Indeed, the percentage of Granite Staters with a favorable opinion of Sanders has grown by 20 points since Franklin Pierce last polled the state in March. Now, 76 percent view him favorably, compared with 80 percent who view Clinton favorably.

The intensity of Sanders' support appears to be significantly greater than Clinton's. The poll found that 54 percent of the state's Democratic voters view him "very favorably," while only 36 percent feel the same about his chief rival. Similarly, while 44 percent said they were "excited" by his candidacy, only 35 percent said so about Clinton.

Still, New Hampshire Democrats aren't convinced Sanders will prevail.

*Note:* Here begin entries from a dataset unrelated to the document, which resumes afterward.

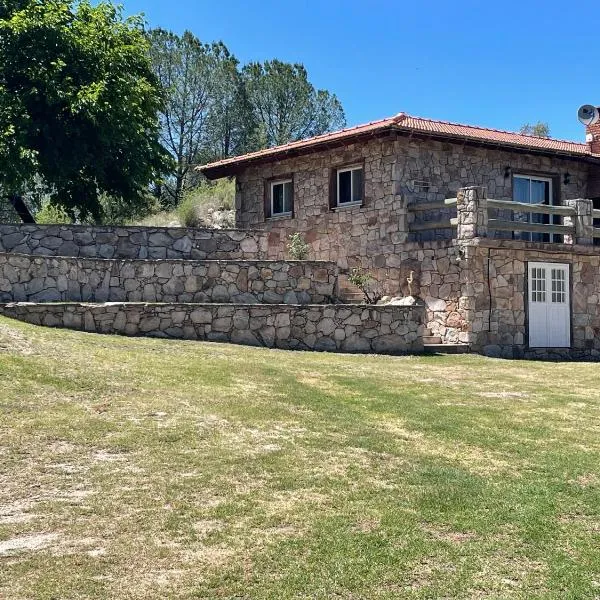 Campo la Sierra - El rincón alemán en San Luis，位于埃尔沃尔坎的酒店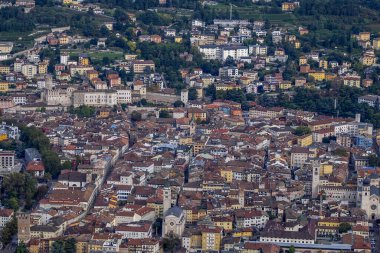 Sardagna teleferiğinden Trento Kasabası Hava Görüntüsü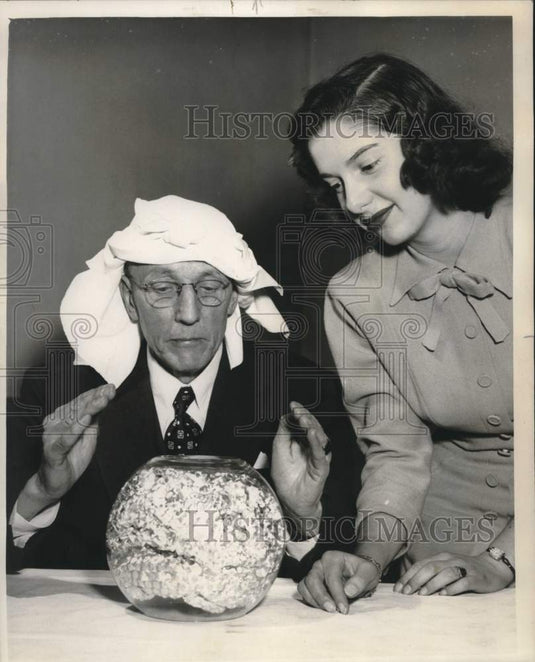 1947 Minneapolis Weather Man M.R. Hovde Sees Snow in Crystal Ball - Historic Images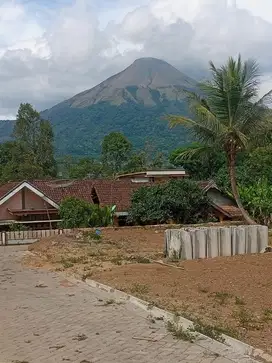 tanah pekarangan cocok untuk usha kavling ,bangun villa dll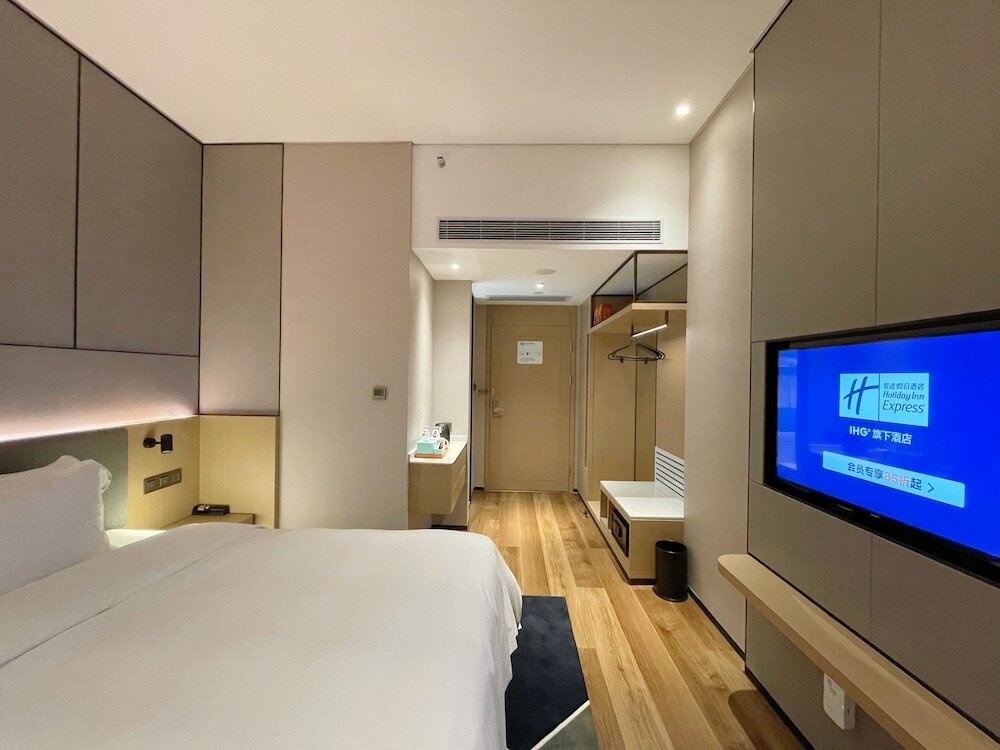 Фото Holiday Inn Express: Shenzhen Longhua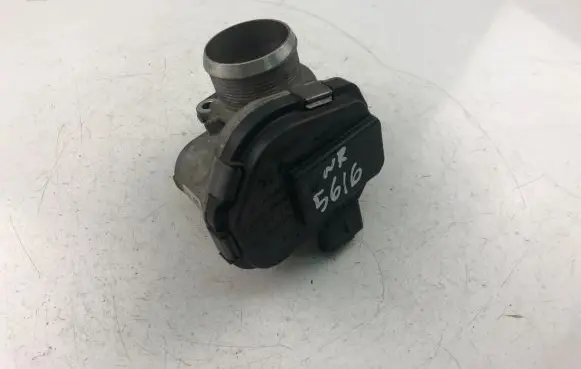 Ford C-MAX II Throttle valve 9682798180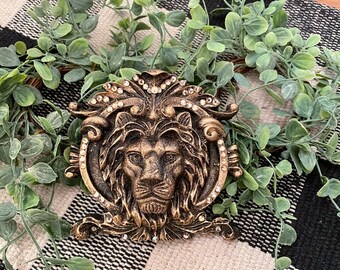 Lion Head Candle Pin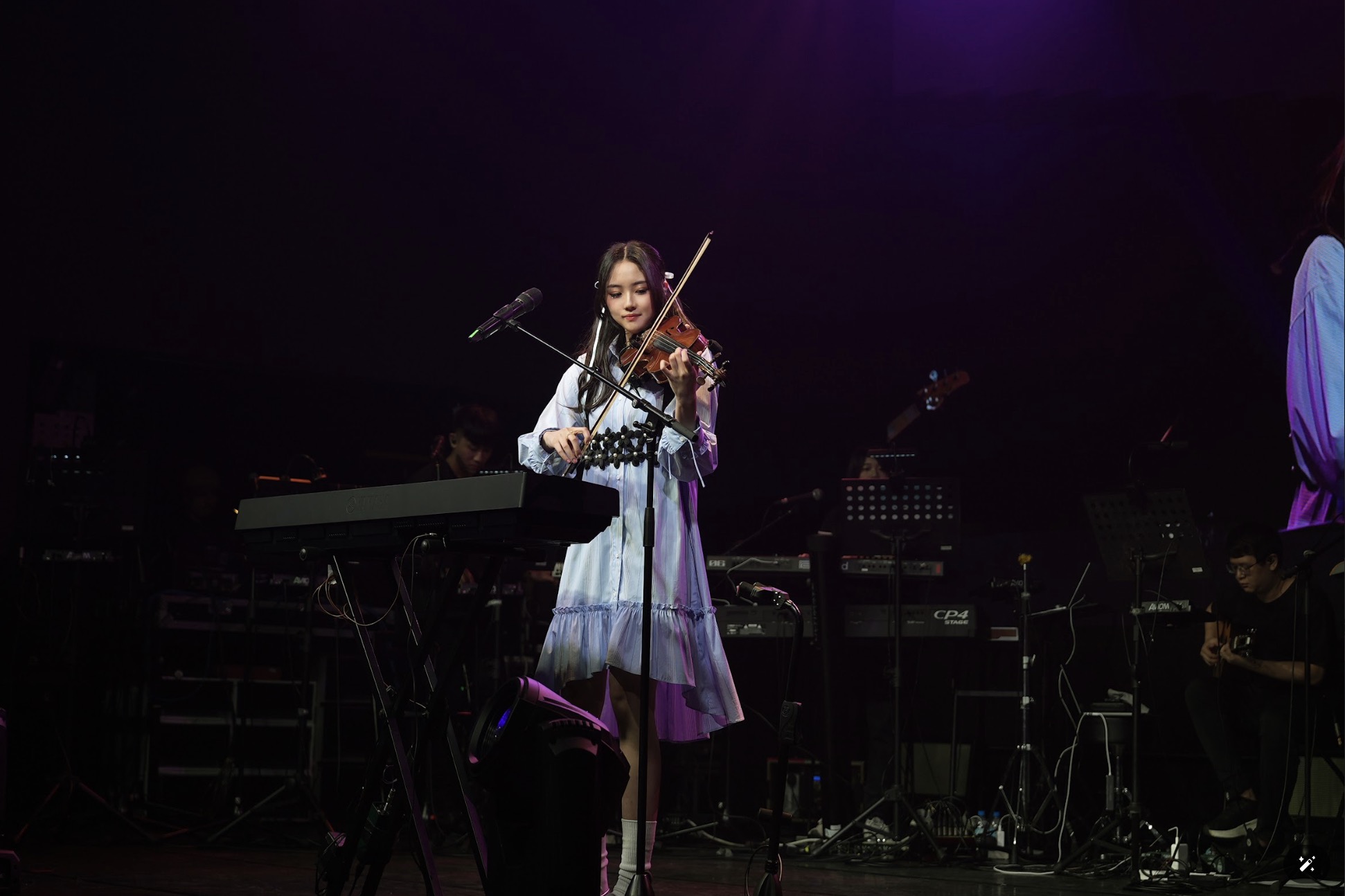 Bettii杯緹首場個人演唱會正式開唱!自曝邁入19歲的第一個願望立馬要做的事是「剪瀏海」及「大吃大喝」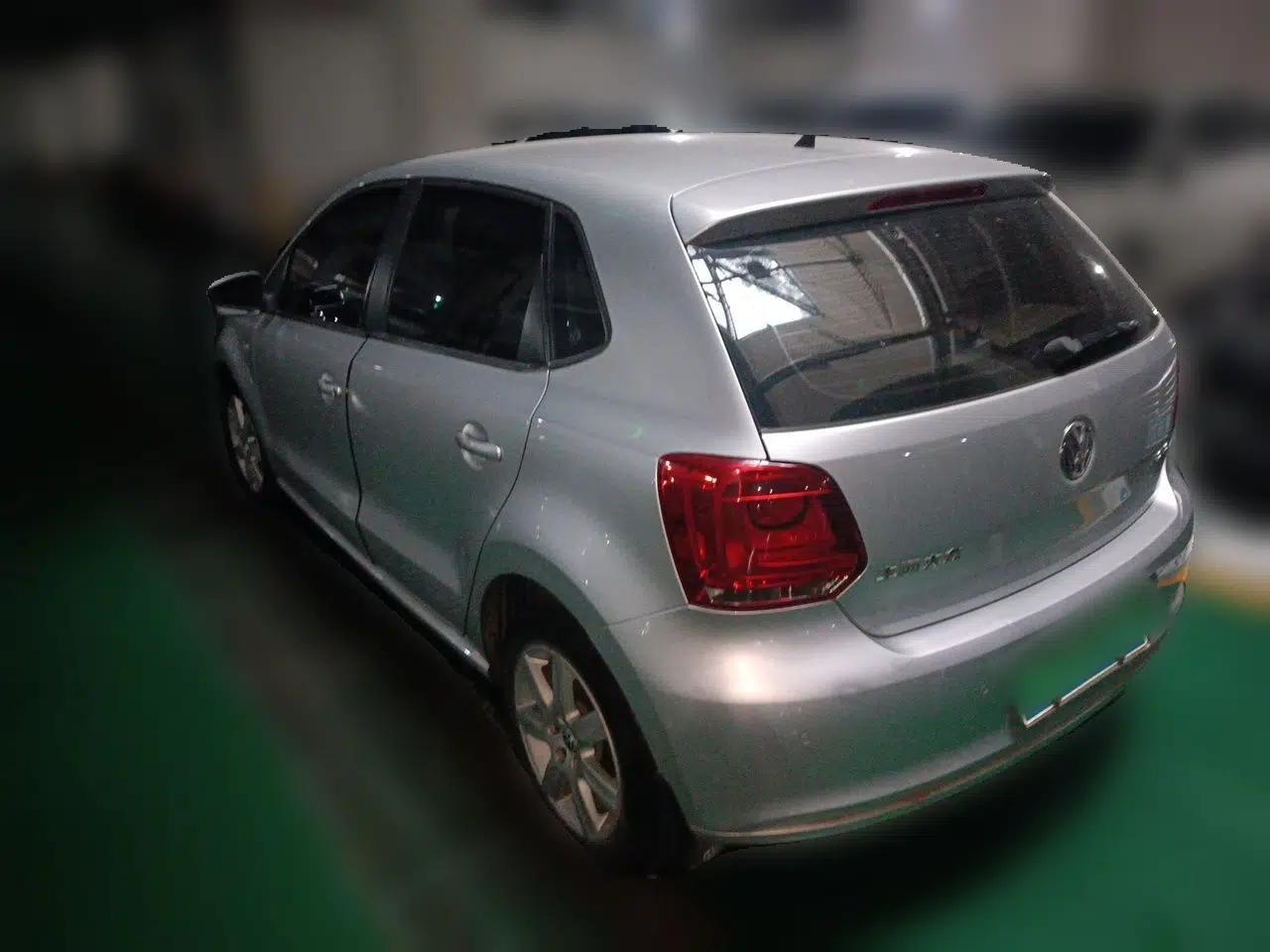 Volkswagen Polo 2013 1.4L Manual Comfort Edition — миниатюра 4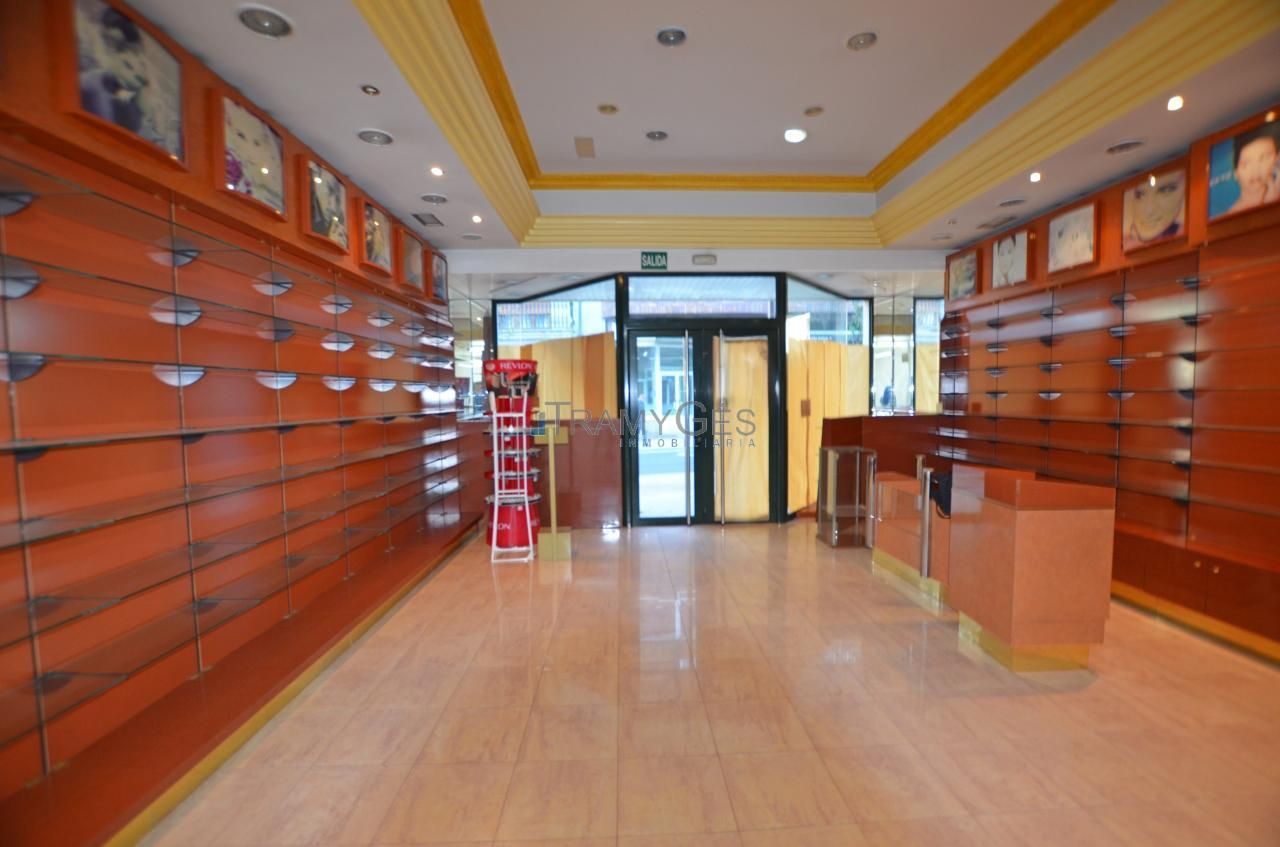 Premises for sale in Tomiño  with Air Conditioner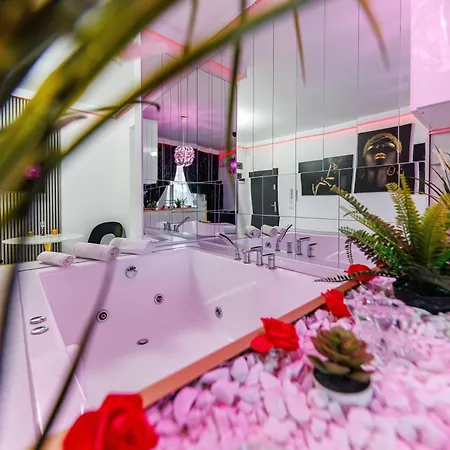 De Lux Cu Jacuzzi In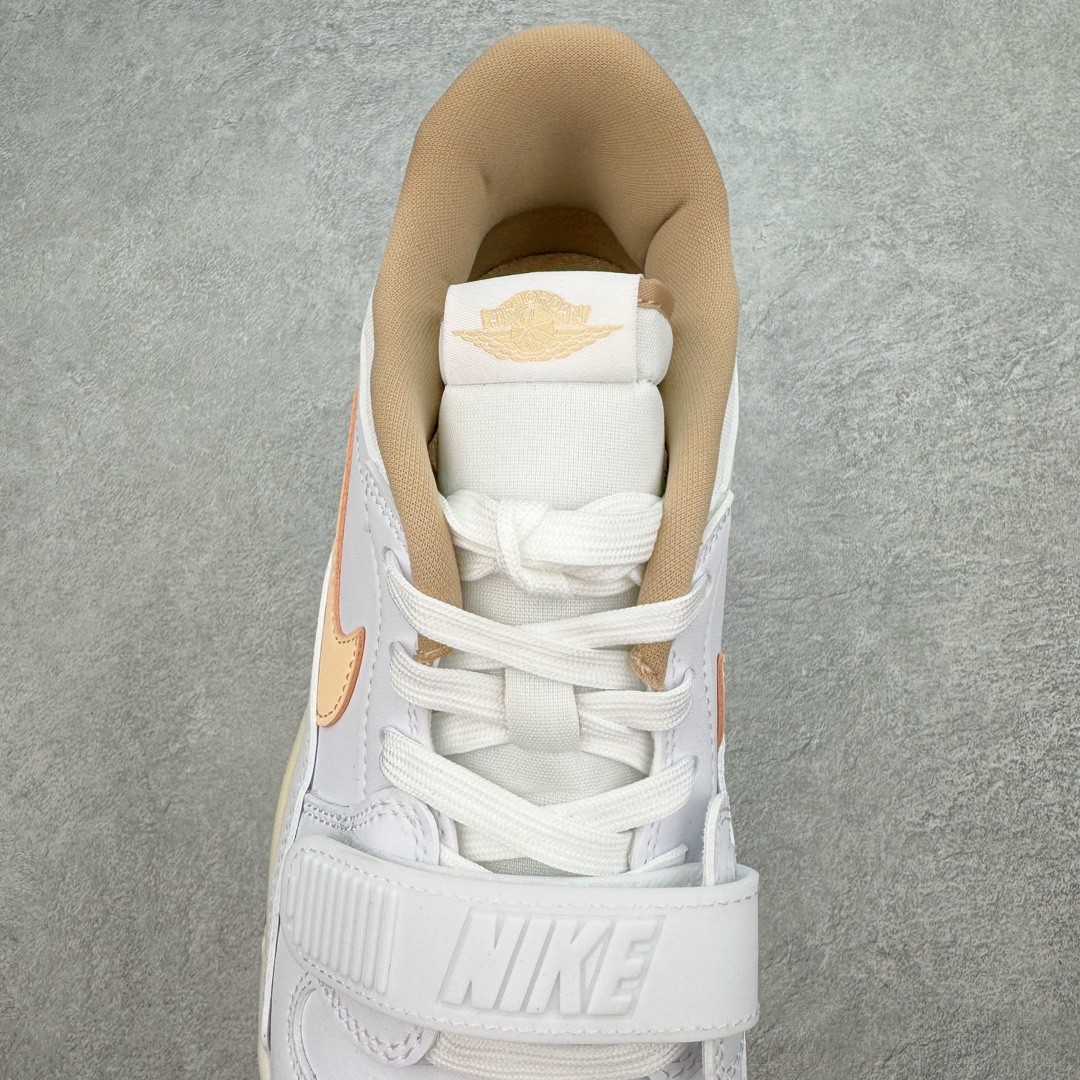 图片[5]-＃PB Air Jordan Legacy AJ312 Low 低帮复古篮球鞋 白棕 FQ7827-100 市场最强独一档产物 全套原纸板楦头开发 原厂大底磨具加持立体防滑纹理 原档数据后跟TPU子母扣魔术贴 原装可视Air Sole气垫 原汁原味最完美的312代版型 唯一正确鞋头趴度弧度高度鞋身腰线 进口港宝加持 后跟自然饱满 全鞋荧光划线卡点 追求极致完美 每一双都是工艺品 多重QC质检 超越公司货的品控标准 实实在在的免检产品 鞋身采用了皮革材质打造 横跨鞋面的魔术贴十分吸睛 侧面的Swoosh Logo的一部分被鞋面遮挡了一部分 颇具玩味 魔术贴上标有NK标识 而鞋舌上是Jordan的经典红色飞翼Logo 后跟和鞋底均采用了AJ3的设计 后跟上同样也使用了经典的爆裂纹图案 尺码：36 36.5 37.5 38 38.5 39 40 40.5 41 42 42.5 43 44 44.5 45 46 47.5-选品中心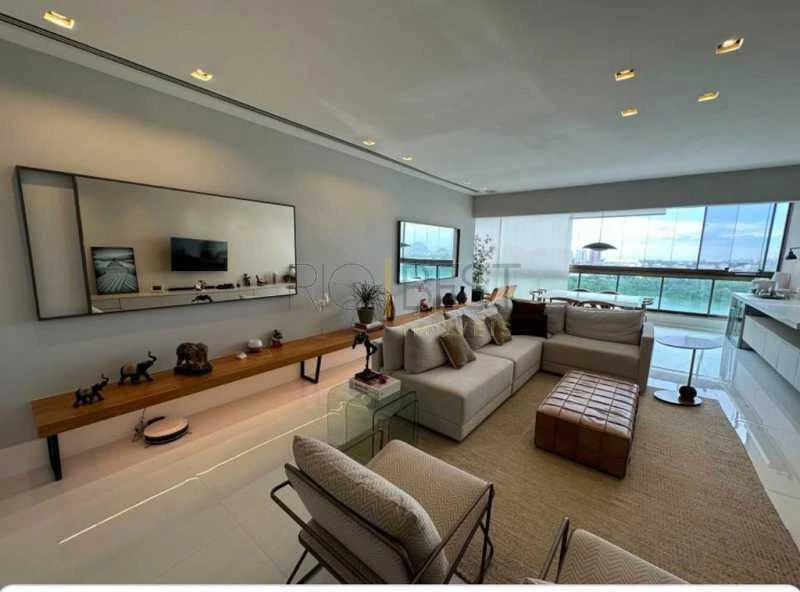 Apartamento duplex mobiliado de 340 m² com 4 quartos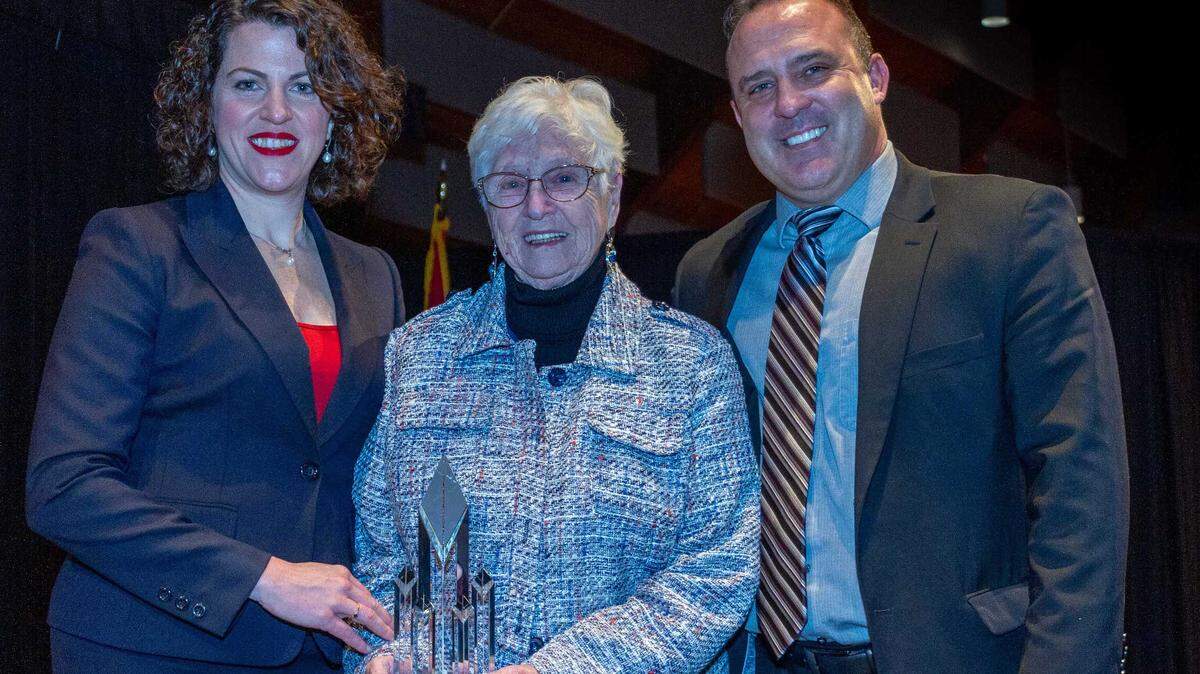 Rachel Segobia, left, director of Lee’s Summit CARES and Mayor Bill Baird presented the Lifetime Achievement Award to Shirley Fearon at the 16th annual Mayor’s Character Breakfast. In 1968, Fearon founded ReDiscover, a nonprofit that provides mental health programs for individuals and families throughout the metro, including those with limited financial means or no insurance.
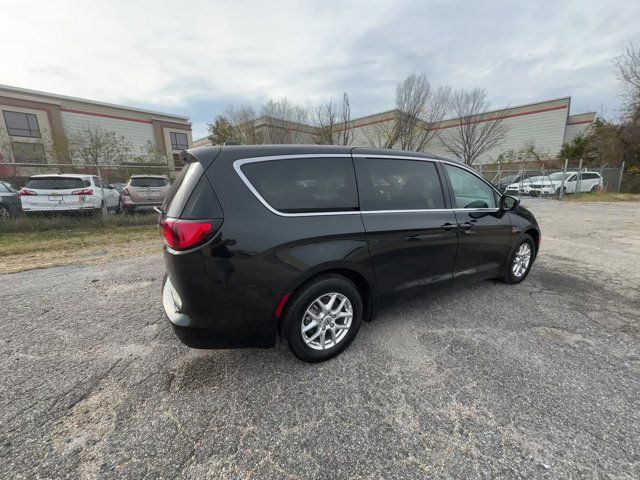 2024 Chrysler Voyager LX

Nearly two-thirds of those polled said they thought Clinton would win the Democratic nomination, while only 11 percent thought Sanders would.

Some analysts also remain unconvinced. A day before Franklin Pierce released its poll, FiveThirtyEight's Harry Enten argued that Sanders' rapid rise was stalling out.

"No longer is Sanders surging," Enten wrote. "He has surged. From now on, picking up additional support will be more of a slog."

Not so much, says Briggs. Citing Sanders' growing volunteer lists and massive rallies, he argues that his boss' message will continue to spread.

"People have been underestimating Bernie Sanders for a long time," Briggs says.